Más arduo resulta el segundo problema. El monogenismo parecería la única conclusión


avalada por la Biblia, ya que, según la hipótesis adámica, la especie humana procedería
de una única pareja original. Hipótesis que no es necesariamente anticientífica, pero sí
muy improbable, ya que los biólogos abogan en general por el poligenismo, teoría
según la cual la especie humana procede, no de pareja única, sino de una población de
parejas que, desde un estadio inferior al humano, habrían evolucionado lentamente
hacia la situación actual.

En la confrontación entre el creacionismo y el evolucionismo subyacen dos equívocos


de magnitud que ahora tratamos de dilucidar. En primer lugar, en el documento J o
yahvista -uno de los cuatro que están en la base de la formación de la Biblia-, elaborado
en una sociedad agraria en la que la tierra de cultivo –adamah– tiene un valor singular,
el autor sagrado concibe a Dios como un artista de la cerámica que crea a adam, el
sacado de la tierra, el telúrico, que la tradición fue concibiendo como nombre propio,
sin que en un principio significara eso. La doctrina agustiniana del pecado original,
convertida en dogma católico en base a la carta de san Pablo a los Romanos (5,12),
llegó a formularse como transmisión directa por medio de la generación de dicho
pecado a todos los hombres, y eso parecía exigir la existencia de una pareja única inicial
con nombres propios: Adam y Eva, que, sin embargo, nunca existieron como tales.

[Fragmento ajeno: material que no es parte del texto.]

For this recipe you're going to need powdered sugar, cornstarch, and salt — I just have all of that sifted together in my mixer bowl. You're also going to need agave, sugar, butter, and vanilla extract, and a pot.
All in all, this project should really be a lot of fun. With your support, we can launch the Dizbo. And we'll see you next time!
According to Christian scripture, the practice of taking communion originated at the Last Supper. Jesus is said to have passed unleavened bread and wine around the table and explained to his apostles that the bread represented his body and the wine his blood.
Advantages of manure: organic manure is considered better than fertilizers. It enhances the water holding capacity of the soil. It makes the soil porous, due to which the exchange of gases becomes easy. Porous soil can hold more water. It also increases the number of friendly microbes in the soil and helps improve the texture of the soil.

Por otra parte, el documento sacerdotal o P, cuyas raíces se hunden en el siglo VI, fue
elaborado a partir de la experiencia de los teólogos, israelitas que, en el exilio
babilónico, mantenían entre los cautivos la esperanza del retorno a la patria. En
contraste con los relatos cosmogónicos del mito babilónico de la creación, Israel forjó
su propio relato calcado en el de sus adversarios, pero desmitificado. La creación sería
obra de la palabra de Dios y no una teomaquía o lucha entre dioses. Y si el autor
distribuyó la obra de la creación en seis días, de ningún modo se refiere al tiempo
necesario para una fabricación, sino que se trata de un mero esquema litúrgico, porque
lo que le interesa es el séptimo día; con el descanso sabático que Dios se toma tras su
acción creadora, intentaba reforzar el día del sábado como seña de identidad israelita en
pleno destierro, acaso como símbolo de resistencia frente al intento de desarraigo a que
los babilonios sometían a sus vencidos. Precisamente los sacerdotes exiliados, teólogos
de la esperanza, entenderán el retorno del destierro como una nueva creación.

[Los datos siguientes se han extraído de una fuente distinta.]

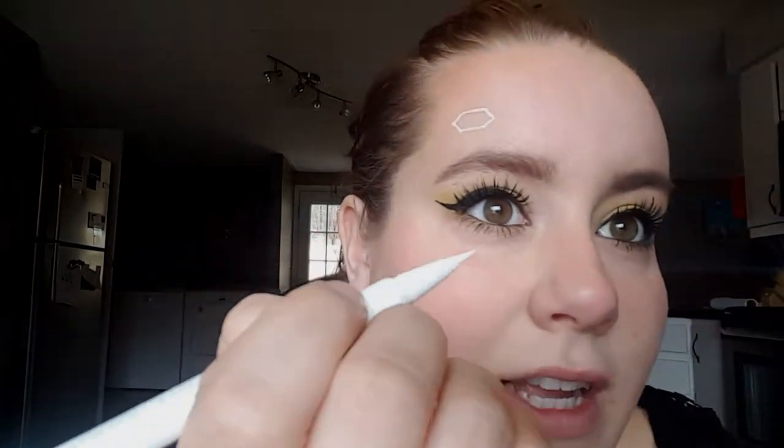To start on the honeycombs, I'm using this white liquid liner. I'm just starting by drawing two lines. Once you have that done, you can add arrows to each side, just making an elongated stop sign. Then just repeat the process, connecting the edges.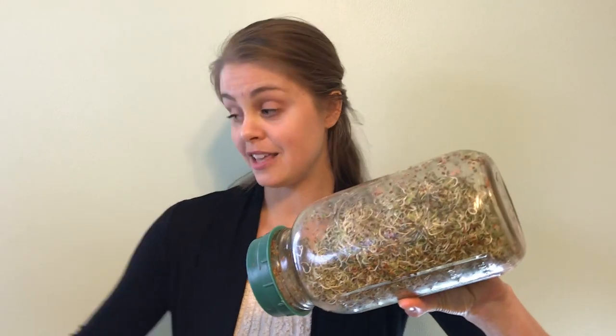I've been sprouting these for four days now, and as you can see they're almost ready. What I'll do is rinse them one last time, let them dry off, and then put them in the fridge — because they'll last longer when placed in the fridge dryer.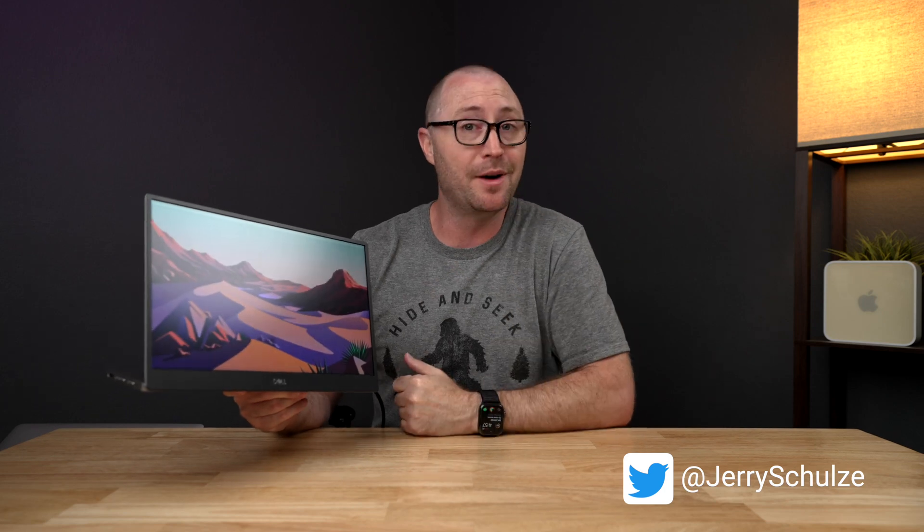What do you think — does this Dell display have what it takes to be a good secondary Mac desktop display? Let me know in the comments below. If you are still deciding on a main display for your Mac desktop, maybe comparing the Apple Studio Display with its speakers, webcam, and 5K panel versus the Eve Spectrum 4K with its 144Hz panel, definitely check out that video. Hit the thumbs up if you liked this, subscribe if you want, and I will see you next time.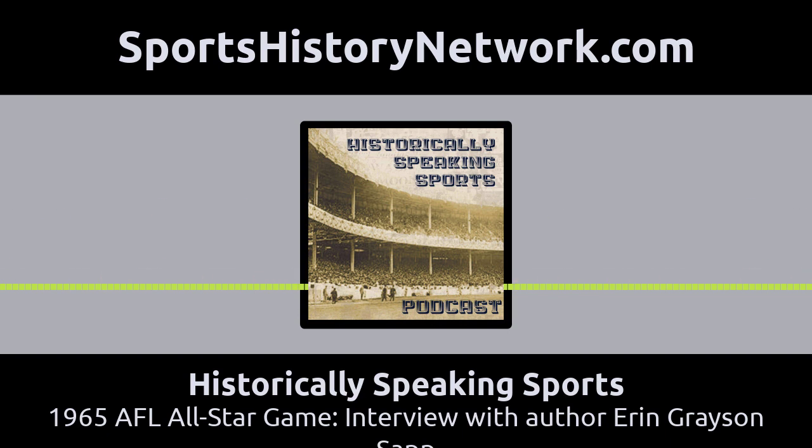This podcast is part of the Sports History Network, your headquarters for the yesteryear of your favorite sport. You can learn more at sportshistorynetwork.com.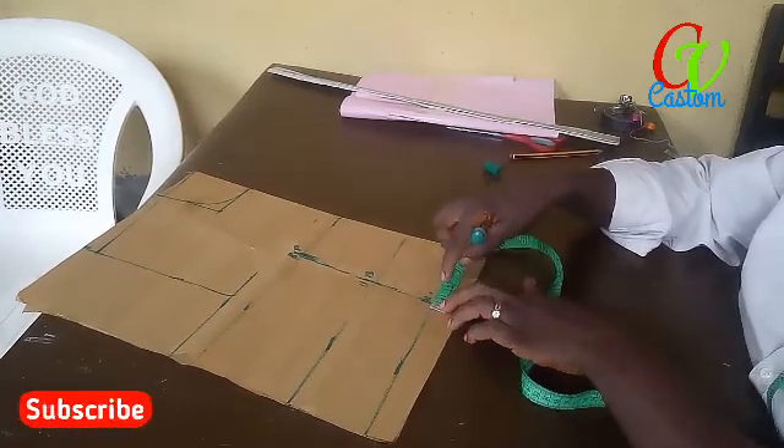That's what we connect before we start cutting. So this is your dart — notch it. We call the neck circumference. This is our bodice — these are our bodies. The next thing we want to cut the yoke.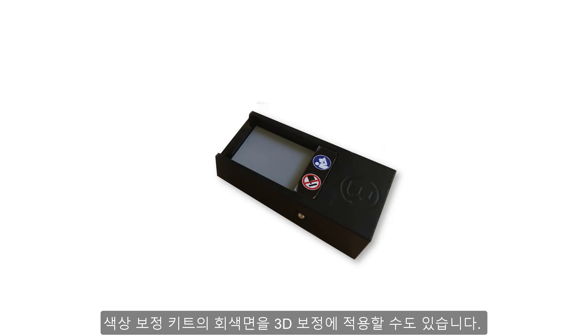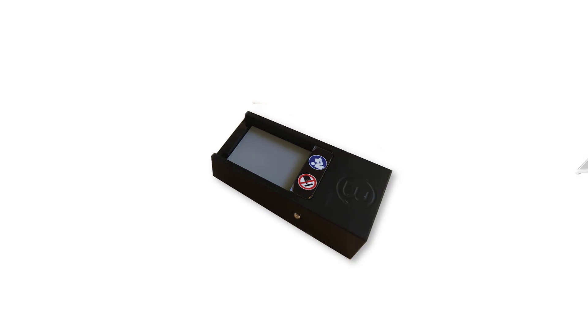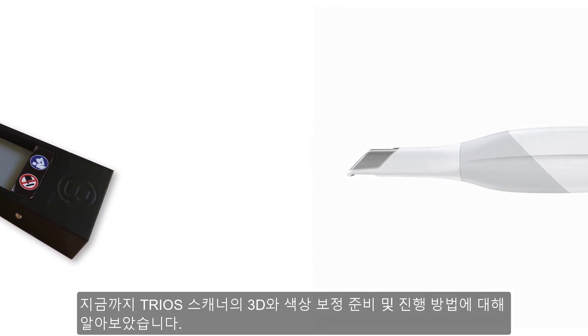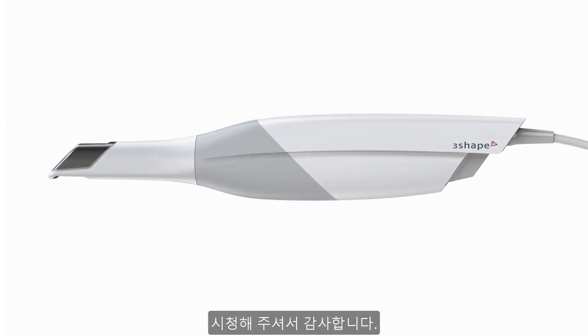The gray side of the color calibration target can also be applied for 3D calibration. For this purpose, simply follow the steps described for the validation part of the color calibration. Now you know how to prepare and perform 3D and color calibration of the TRIOS scanner. You can also find this information in the relevant section of the user manual. Thanks for your attention.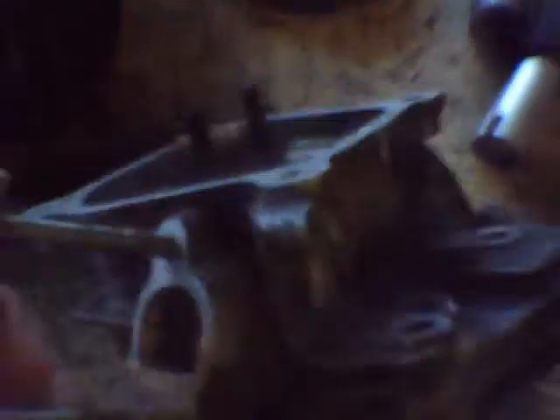The reason I'm doing this is because it'll increase compression, which will give me more horsepower. But before I do that, I'm going to have to clean the head up because the intake channel is corroded, so I have to clean that up.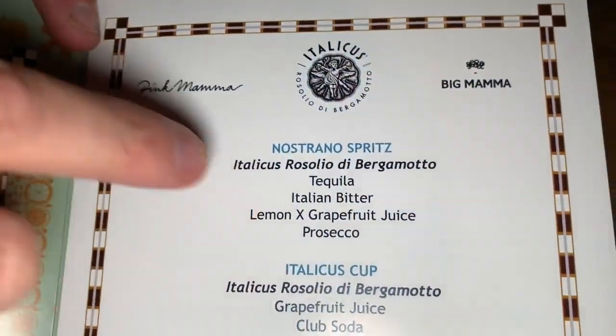Bonsoir, le cocktail connoisseur. My name is Simone from London, and the drink we're preparing for you now is this one, the first one on the menu: the Nostrano Spritz.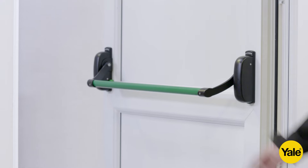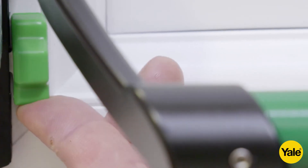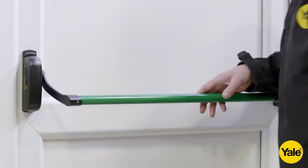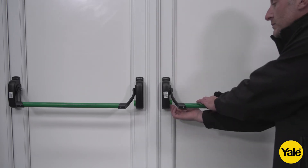To lock the door from the inside, pull the door closed, then lift the green snib and fully lift the crossarm. If you have a double door, you'll need to lock the slave door followed by the master door.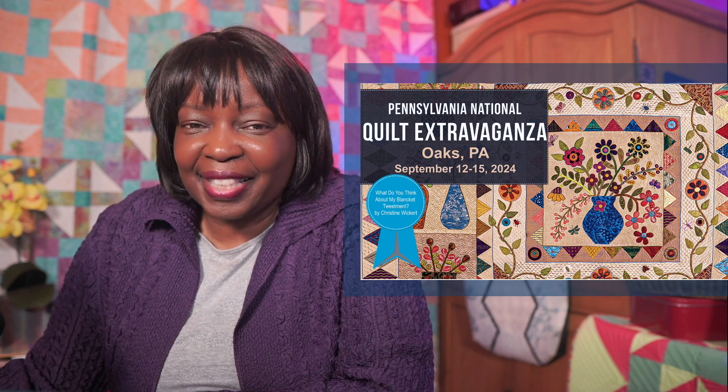So speaking of class, the next class is with a hexagon template. Again, we're going to use one ruler, one shape. And through that, we're going to stitch edge-to-edge designs, border and sashing, and block-based designs.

Los relatos de la creación no son pues, como ya queda apuntado, una explicación de los
orígenes del universo, sino una proclamación de la bondad no sólo de la obra creadora,
sino, sobre todo, del creador. Paralelamente, la ciencia evolucionista tampoco tiene el
cometido ni la autoridad para definirse sobre la existencia de Dios creador. Pero nos
compete realizar un recorrido por estos dos relatos fundamentales de la creación,
exactamente para no ser víctimas de una interpretación fundamentalista de ellos.

X. CHAO REGO, “Creación”, en: AA.VV., 10 palabras claves en religión, 88-91.